How to Nudge Your Family into Drinking Better Wine at Thanksgiving

This is going to be a challenging Thanksgiving. Very few families will not be politically divided. Somehow we must come together and eat turkey without shooting at each other.

Wine can help. It is a great unifier. Unlike beer and whiskey, wine consumption in the U.S. is split nearly 50-50 between Democrats and Republicans. It’s one of the few things we can all agree on.

Except when we don’t.

I’m not going to offer a rundown on the types of wines Democrats and Republicans like. They are different, and I could do that for laughs. But I have a loftier goal. I want to speak to you, my fellow enophile, about a topic that I know you have faced:

How to nudge your family members into drinking slightly better wine.

Most of us have had these experiences. You bring some expensive or hard-to-find wine to dinner with the extended family, but Aunt Myrtle doesn’t know why she can’t drink the same wine she has enjoyed every holiday for the last 45 years. Your cousin fills her glass to the brim with your prized Pinot Noir, takes a long pull, then says, “That’s OK, but I’ve had better.” Your grandfather thanks you for bringing a bottle of bubbly but says, “Champagne gives me a headache.” Et cetera.

Don’t give up. You can’t get Aunt Myrtle to switch from Manischewitz to cloudy natural-wine Grenache. But you CAN make choices that will improve the drinking lives of your friends and family.

First, don’t bring any wine with which you are too emotionally involved. For any wine you are thinking about, ask yourself how you would react if one of your uncles hated it. If you start to flare up at the thought, bring something else.

Bring more than one bottle, and make them very different. Even your orneriest relative should try to find something to like, given multiple choices.

We all know some wines are easier for novices to appreciate than others. If you want to spring a cool-climate Syrah on them, also offer the option of a crisp Sauvignon Blanc. Inoffensive is not a bad word in this context.

Psychological studies consistently show that people enjoy wine more when they know it’s expensive, and conversely they like it less when they know it’s cheap. I have used Thanksgiving to demonstrate this phenomenon. (Friend: “That wine is too tannic. I don’t like it.” Me: “It cost $80.” Friend: “Really? Let me try it again.”) This is fun but doesn’t advance this year’s goal of family unity around better wine.
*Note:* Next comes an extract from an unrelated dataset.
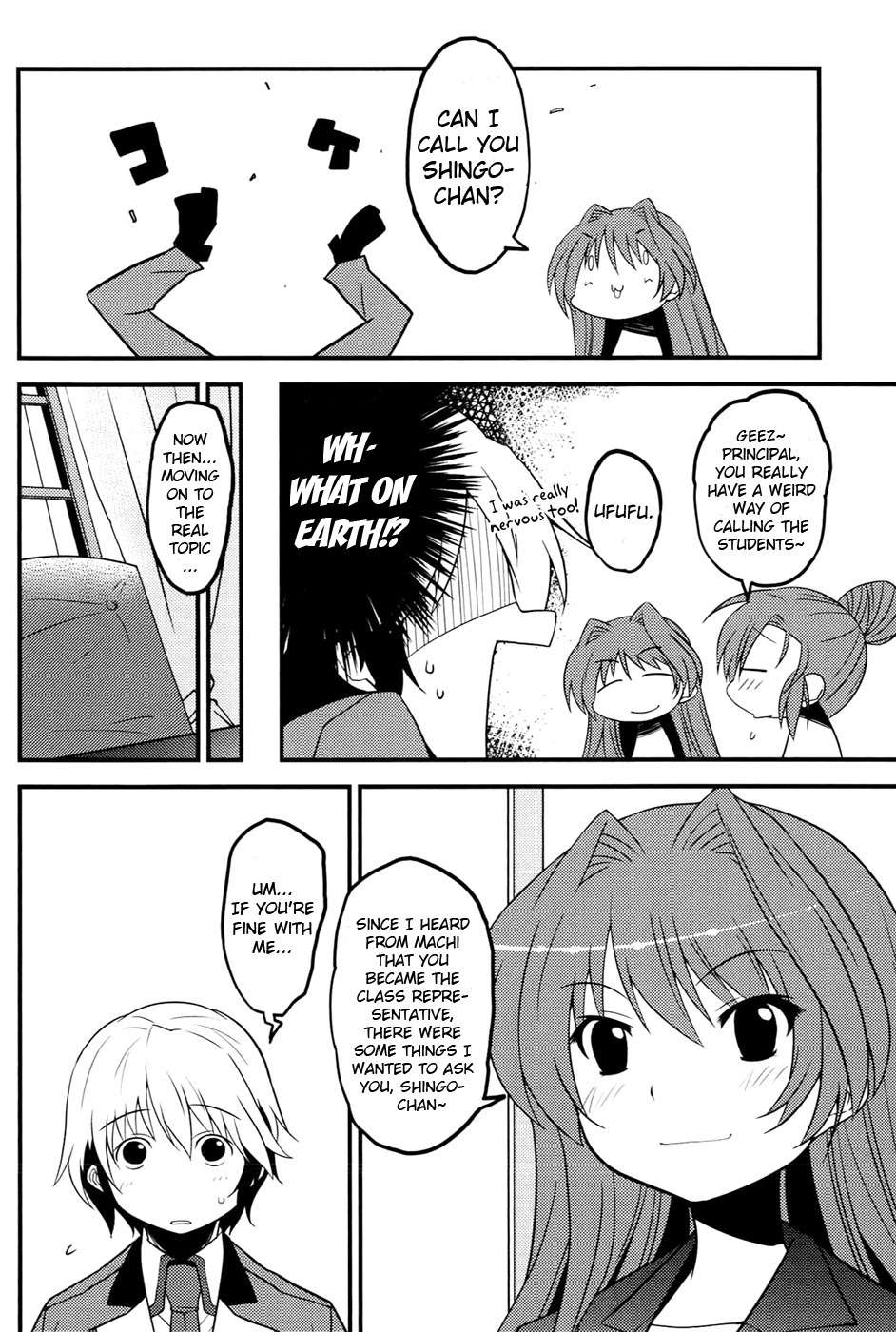 Mashiroiro Symphony Chapter 5 page 24 - Chapter 5: Mother and Daughter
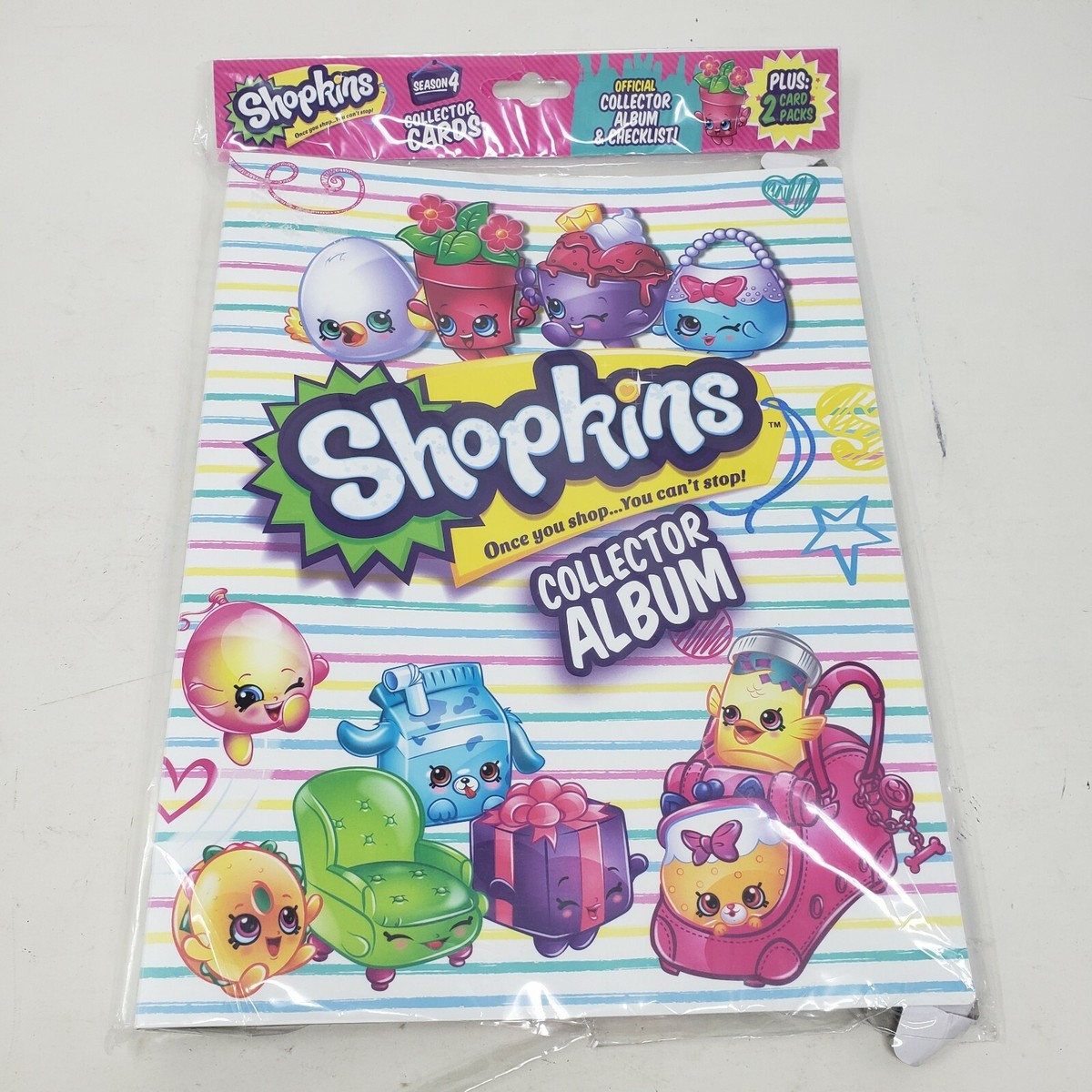 shopkins card binder Amazon.com: CLOKORIA Card Binder for Girls Gifts,440 Cards Collectible  Trading Card Holder Case with 55 Sleeves, 4 Pocket for TCG Game Cards  Collection Sports Trading Cards Collector Album (Sakura cat) : Toys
So only share the price information if the wine costs more than $25. Your aunts might complain that you spent too much, but you can tell them, “I know how much money and effort went into this delicious meal. Really I spent too little. My family is worth it.”

Along those lines, before people try the wines, consider yourself as a tasting-room staffer, telling people only the information that you know will make them like the wine more; i.e., “This is from a vineyard in Sonoma County that was damaged by the fires last month. We don’t know when we can have it again but buying it now will help them recover.” If the winemaker is from your home state, say it. Paint the wine in the brightest terms possible.
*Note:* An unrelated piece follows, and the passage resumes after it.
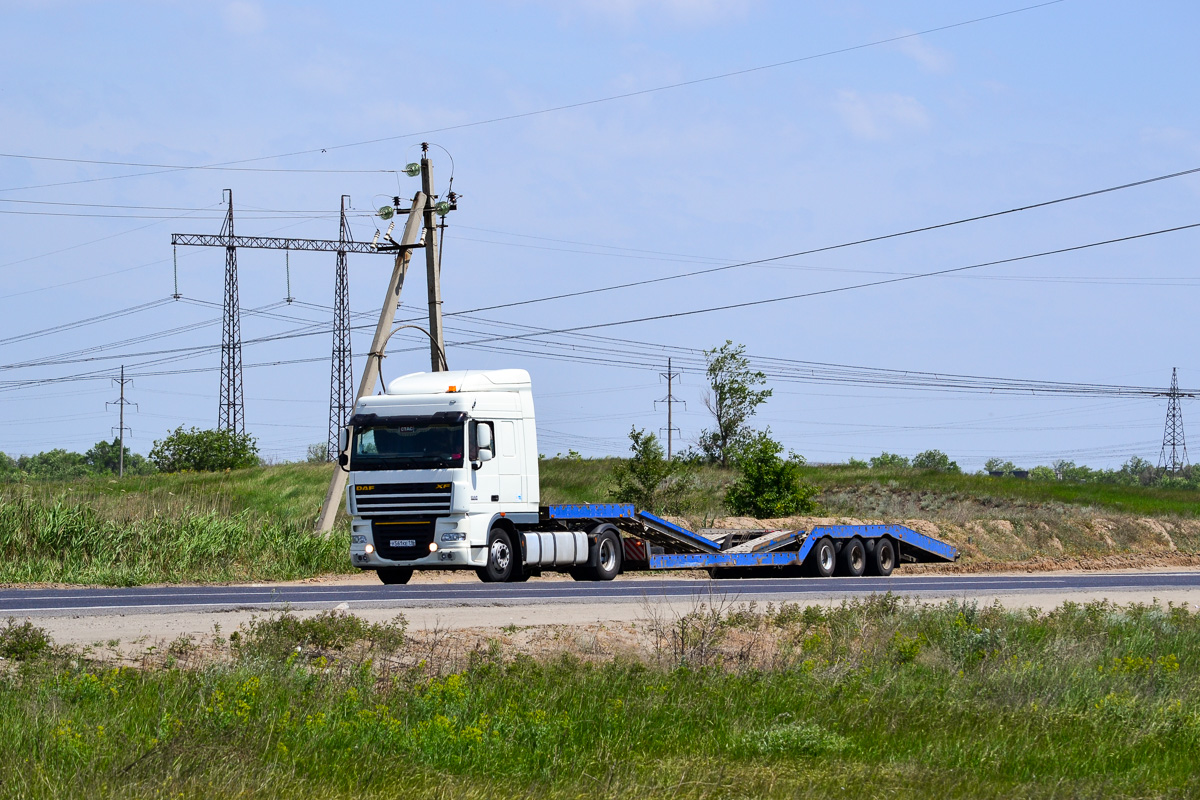 Татарстан, № У 561 КЕ 116 — DAF XF105 FT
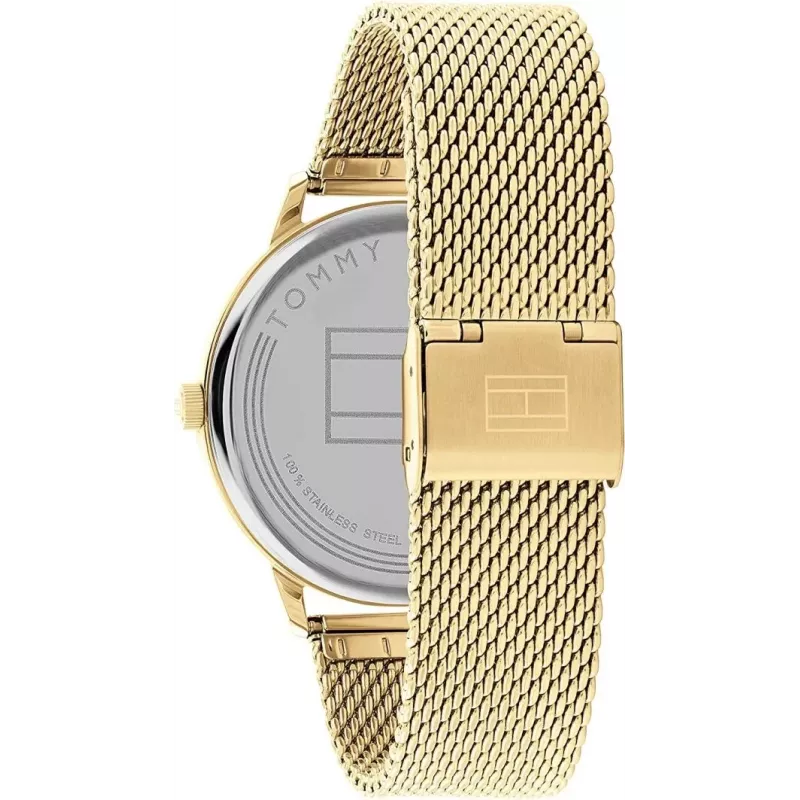 Tommy Hilfiger Vyriškas 1791877 Analoginis Kvarcinis Laikrodis 43mm Nerūdijantis Plienas Mėlynas Ciferblatas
Let’s talk about natural wine. Part of your agenda might be to reach your millennial cousins with a wink and a conspiratorial note about how the rest of the family doesn’t get it. This isn’t a bad goal, but be inclusive with your bag of wines. Bring something that’s not a natural wine and let people compare. You might get more converts than you think. You also might get a lively conversation going about the nature of wine itself; natural wine tends to do that. You can talk about history and technology and how wine was made in the past. I want to caution you about my first note: don’t do this unless you are perfectly comfortable with your older relatives utterly rejecting your natural wines, which they might.


Bring a sparkling wine — a good one, but not an unusual one — and just open it right away and start giving out glasses. Solid domestic bubblies like Gruet or Gloria Ferrer, especially a brut rosé, are good for this. It starts the party on a festive note. Nobody wants to say no to a glass of sparkling wine. If somebody asks what you’re celebrating, “We’re celebrating that we are all here together and can share this meal.”

Do not worry about wine pairing. Most of your relatives won’t. Yes, aromatic whites and sparkling wines and rosés are better with most Thanksgiving plates, but if people want to drink red wine, they will.

Wine comes in a 750 ml bottle because it is meant to be shared. Imagine yourself drinking a glass of wine with that crotchety relative whose politics you hate. What wine might it be? How can you make that wine a little bit better than what he normally drinks? If he likes big Cabs, can you get a super Tuscan? Or maybe a brambly Zinfandel?

If you can nudge people a little bit with wine, get them to drink and enjoy something a bit better than they usually do, it’s a successful conversation. The implications for other conversations you might have at this year’s Thanksgiving meal should be obvious.